| EXERCISE |
Your task is to transcribe, word for word, the line containing "Brown shorts with" and all lines that follow it to the end of the entries. Leave out the pictures.

| RECORDS SHOWN |
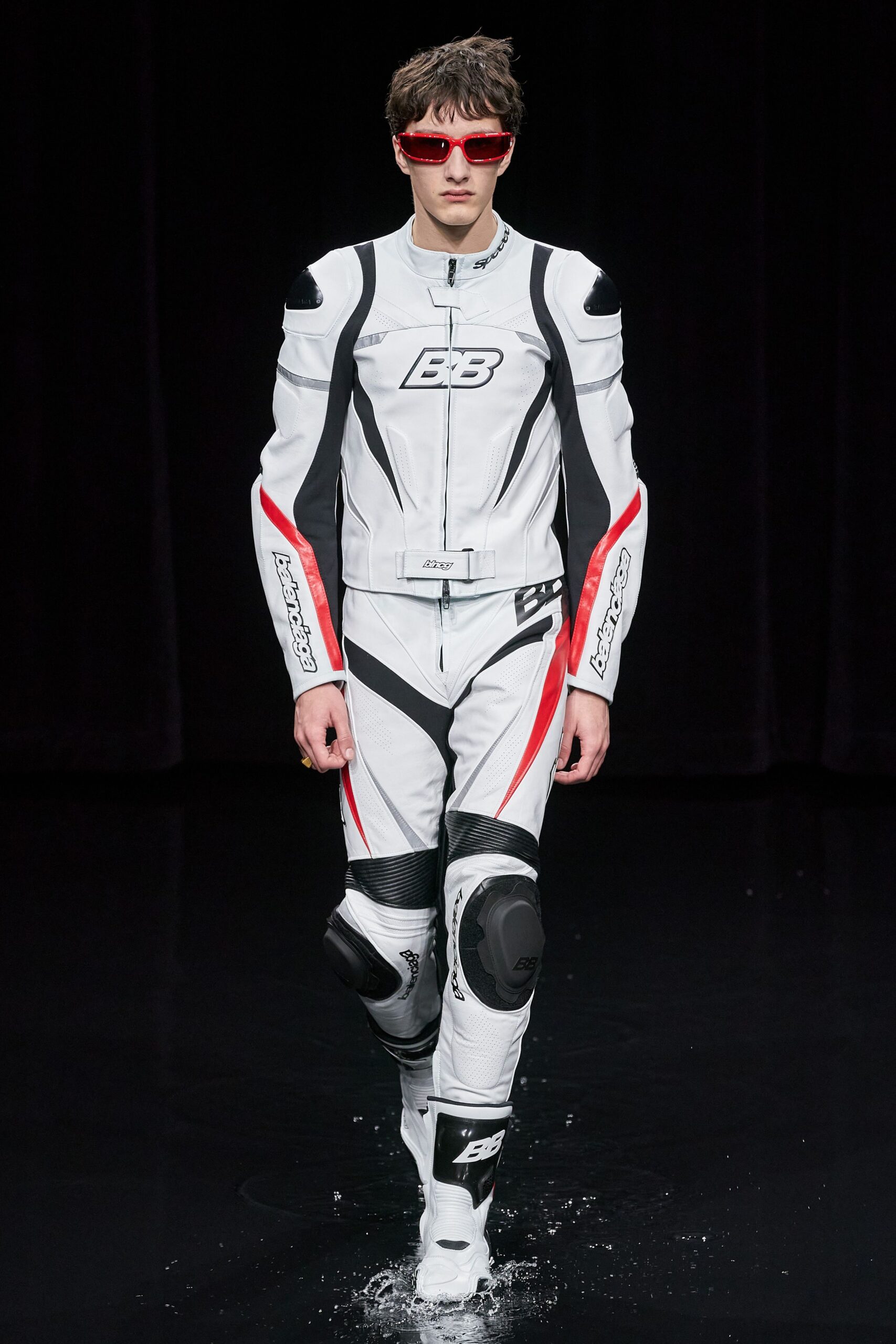 white leather long-sleeve collared fitted zippered color-blocked catsuit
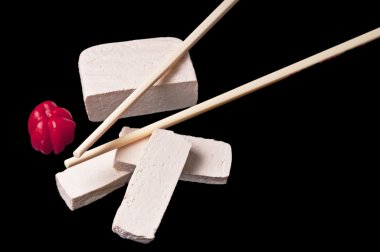 Tofu with chop-sticks clipart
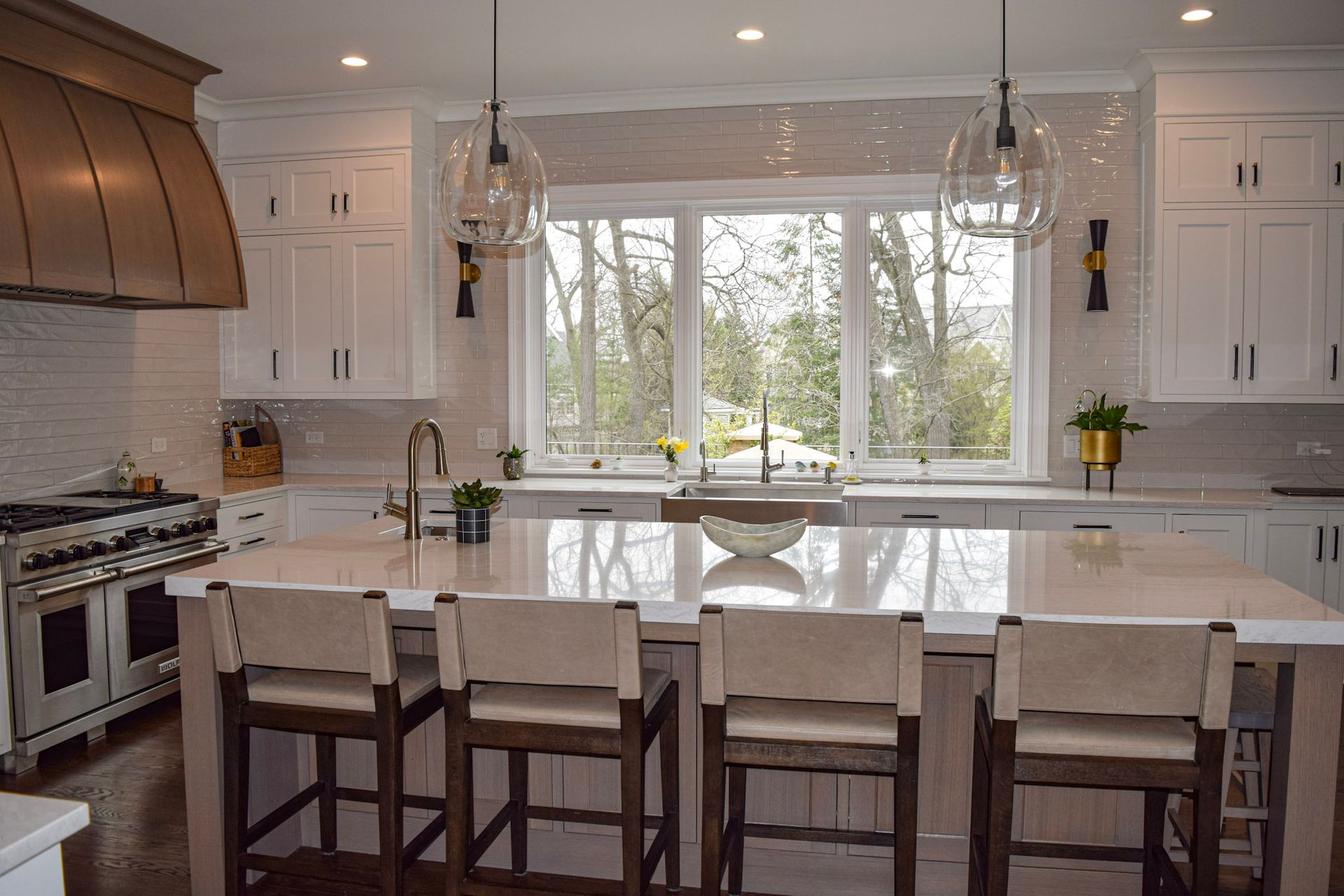 Modern kitchen with white cabinets, stainless steel appliances, and a large island with bar seating.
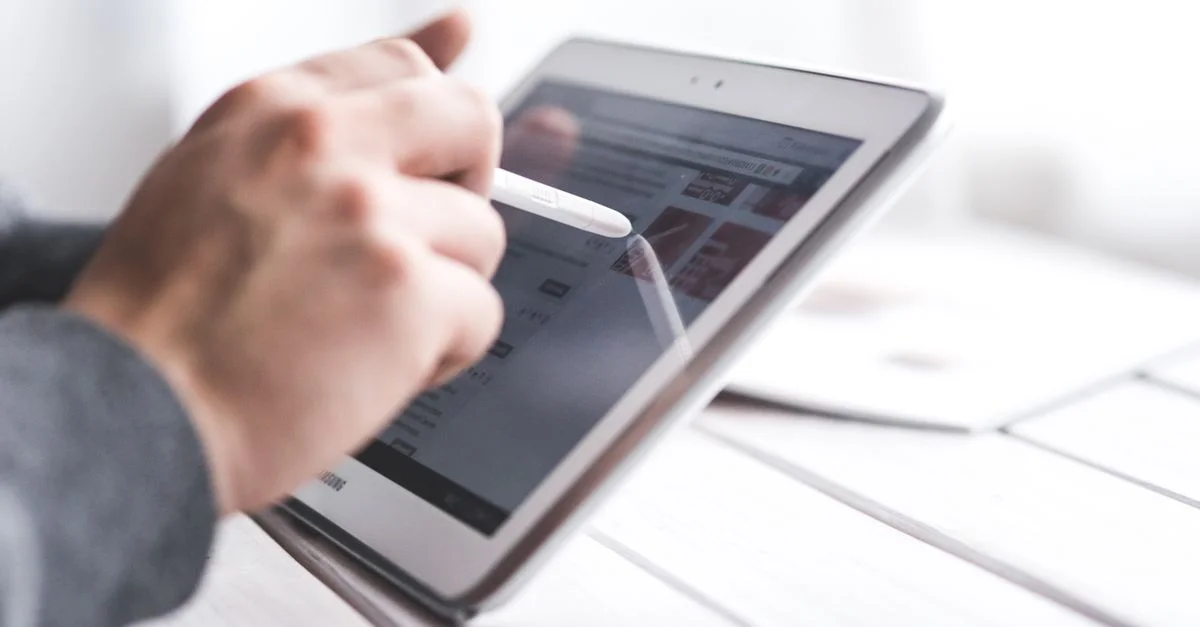 Gros plan sur une main utilisant un stylet sur une tablette, mettant en avant l'interaction avec la technologie numérique.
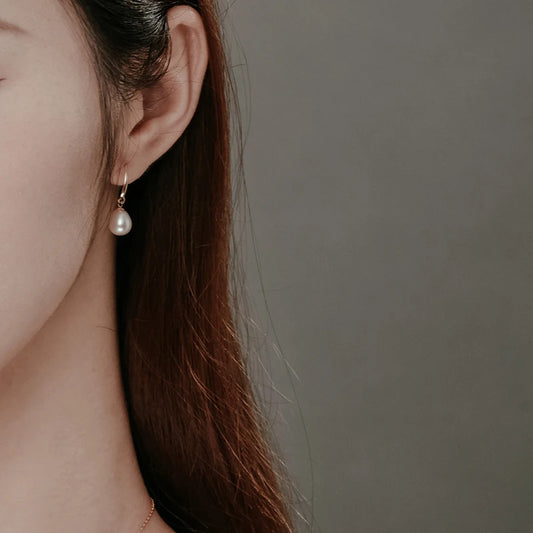 Natural white pearl drop earrings on gold-tone hooks, worn by model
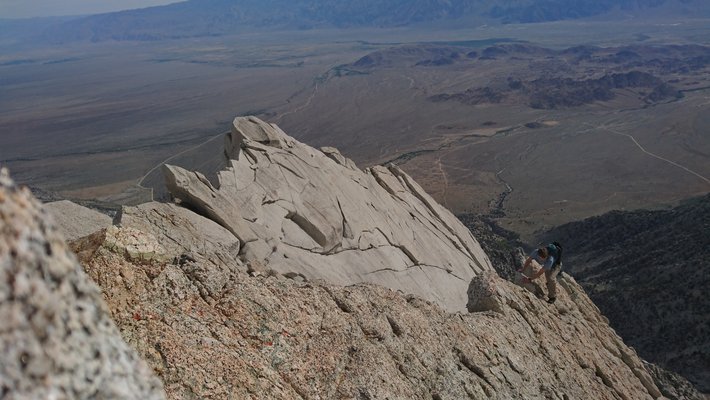 View of the maountain ridge and a climber coming up. The valley is in the background.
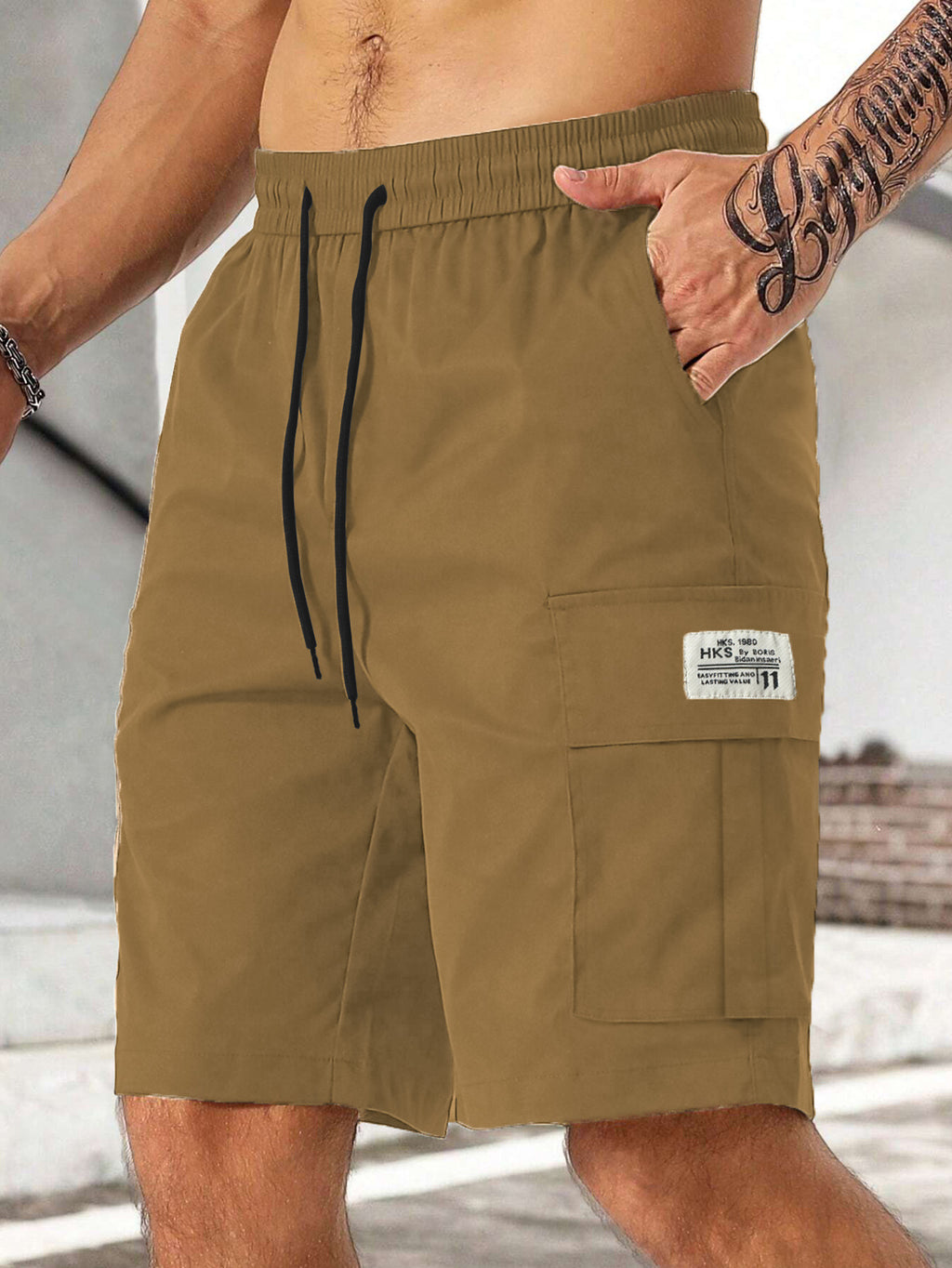 Brown shorts with a visible brand label worn by a person.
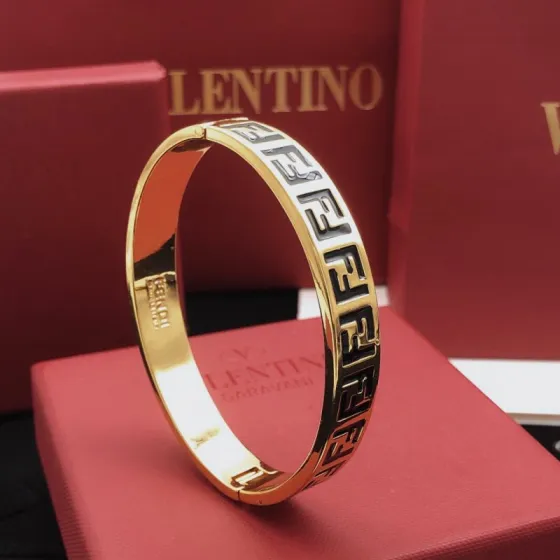 Fendi FF Logo Bangle bracelet gold-tone metal with black enamel FF detailing 17cm inner circumference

| SOLUTION TO THIS PROBLEM |
 Brown shorts with a visible brand label worn by a person.
 Fendi FF Logo Bangle bracelet gold-tone metal with black enamel FF detailing 17cm inner circumference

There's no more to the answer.